**Activity:** Using the records that appear below, write out exactly the lines from the one with "Blackwork Aztec tattoo on shoulder" through the one with "The arrangement features", keeping both end lines.

**Data shown:**
[Start of section]
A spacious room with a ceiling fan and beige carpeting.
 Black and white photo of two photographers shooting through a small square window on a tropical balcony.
[End of section]
[Start of section]
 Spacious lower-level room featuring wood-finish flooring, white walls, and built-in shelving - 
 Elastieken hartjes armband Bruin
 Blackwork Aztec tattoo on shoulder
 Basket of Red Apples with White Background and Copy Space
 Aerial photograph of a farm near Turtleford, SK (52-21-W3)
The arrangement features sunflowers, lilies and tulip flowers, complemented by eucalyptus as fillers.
[End of section]
[Start of section]
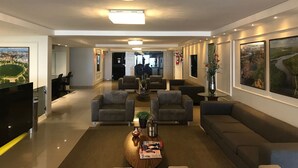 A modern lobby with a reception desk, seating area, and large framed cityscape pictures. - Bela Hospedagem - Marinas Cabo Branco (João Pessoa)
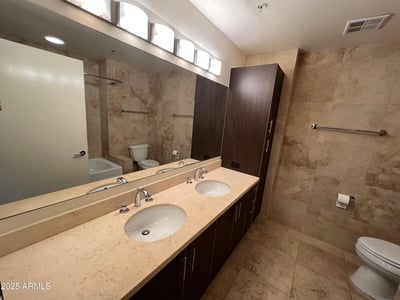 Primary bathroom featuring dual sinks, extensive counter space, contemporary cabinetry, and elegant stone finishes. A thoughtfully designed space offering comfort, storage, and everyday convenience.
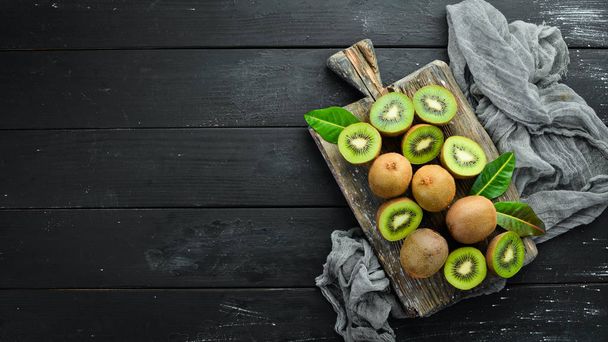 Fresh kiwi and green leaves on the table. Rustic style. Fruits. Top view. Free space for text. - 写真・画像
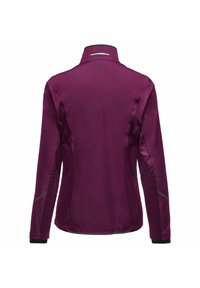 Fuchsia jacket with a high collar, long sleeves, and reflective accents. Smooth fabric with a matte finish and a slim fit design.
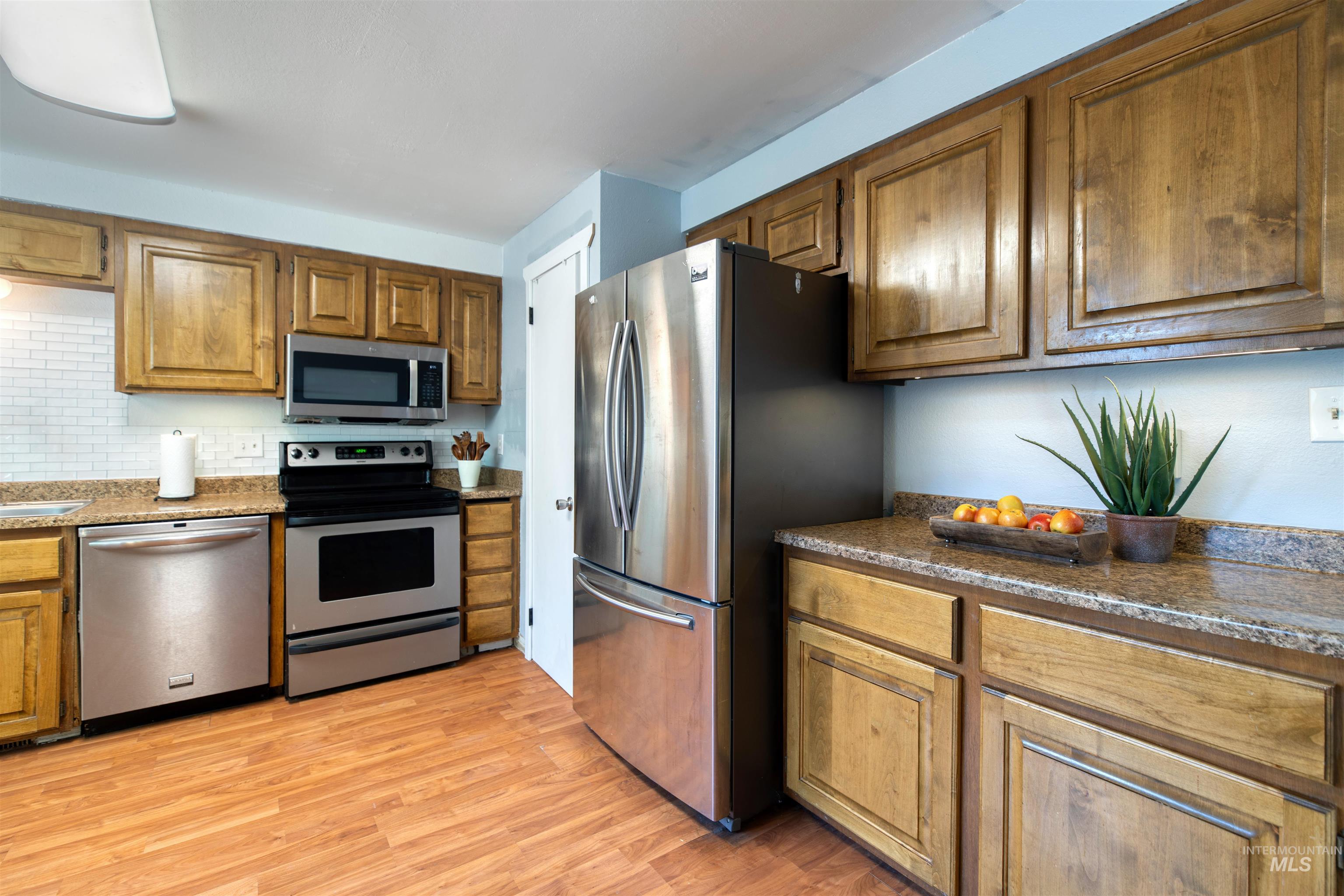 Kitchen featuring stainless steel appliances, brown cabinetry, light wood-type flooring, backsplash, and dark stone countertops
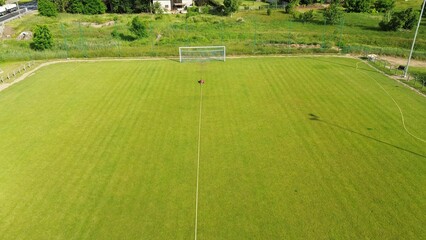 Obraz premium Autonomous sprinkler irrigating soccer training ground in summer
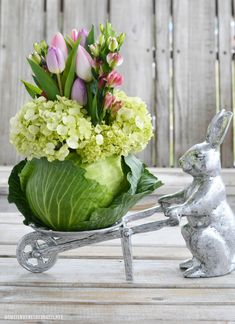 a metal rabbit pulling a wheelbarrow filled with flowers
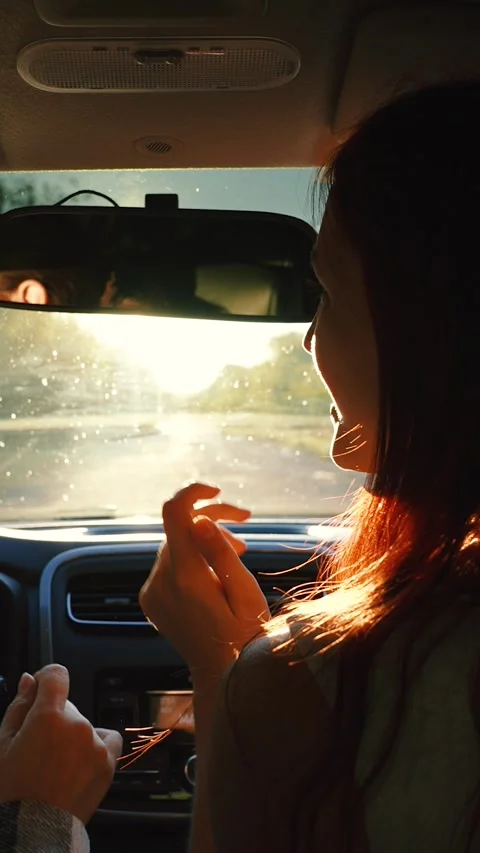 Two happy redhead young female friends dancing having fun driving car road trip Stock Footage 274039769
[End of section]
**Finished task:**
 Blackwork Aztec tattoo on shoulder
 Basket of Red Apples with White Background and Copy Space
 Aerial photograph of a farm near Turtleford, SK (52-21-W3)
The arrangement features sunflowers, lilies and tulip flowers, complemented by eucalyptus as fillers.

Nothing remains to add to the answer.